- Exercise directions
Retype the whole listing verbatim and keep the pictures out of it.

- Exercise data
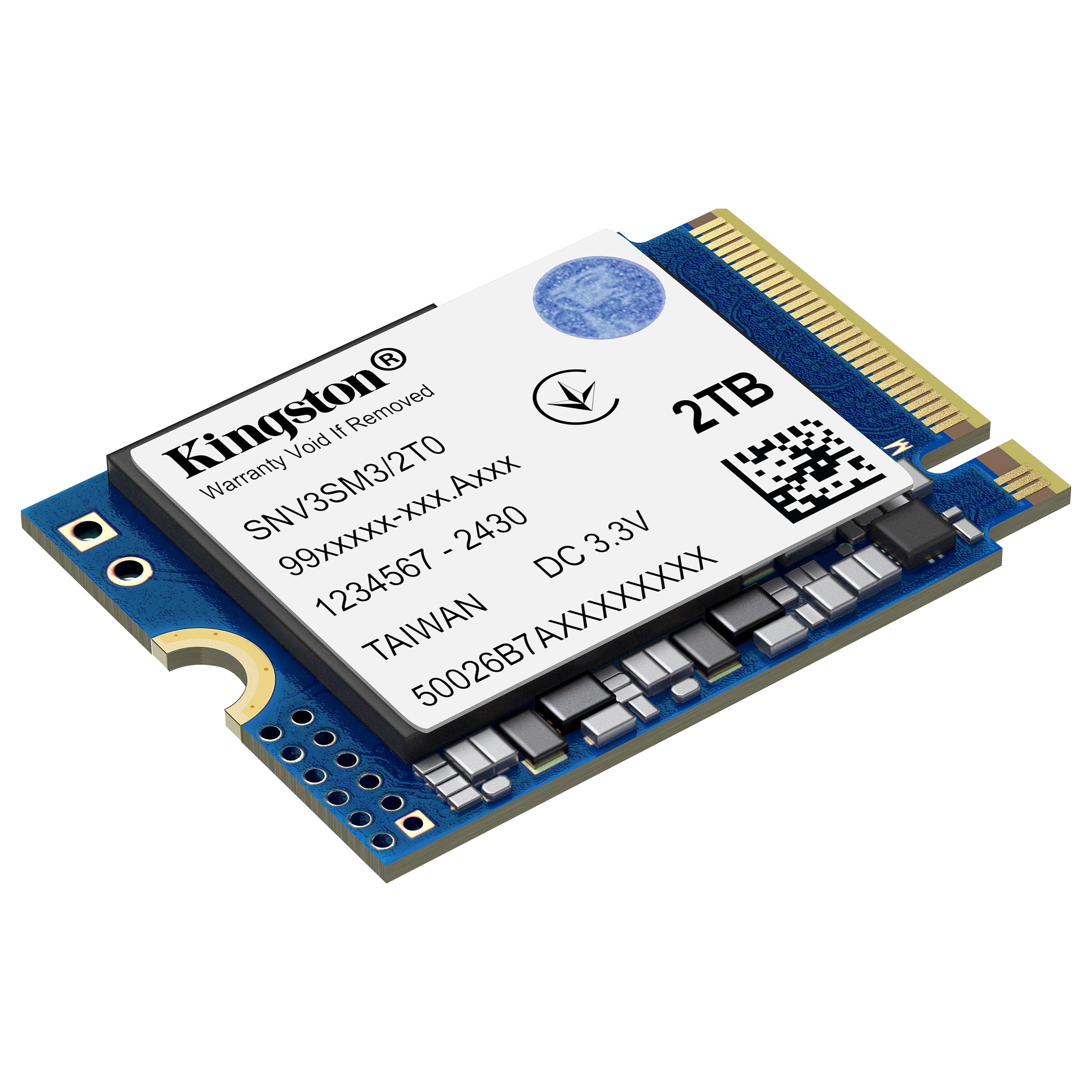 SSD e brendshme M.2 2000G NV3 2230 thumbnail 2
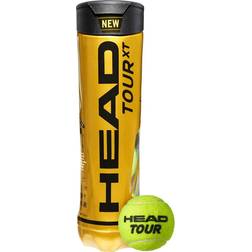 Head Tour XT - 4 bollar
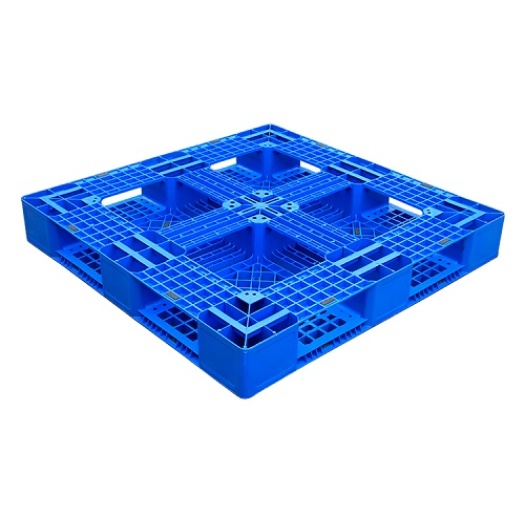 Six Runner Bottom Support Injection Plastic Pallet Mould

- Answer box
 SSD e brendshme M.2 2000G NV3 2230 thumbnail 2
 Head Tour XT - 4 bollar
 Six Runner Bottom Support Injection Plastic Pallet Mould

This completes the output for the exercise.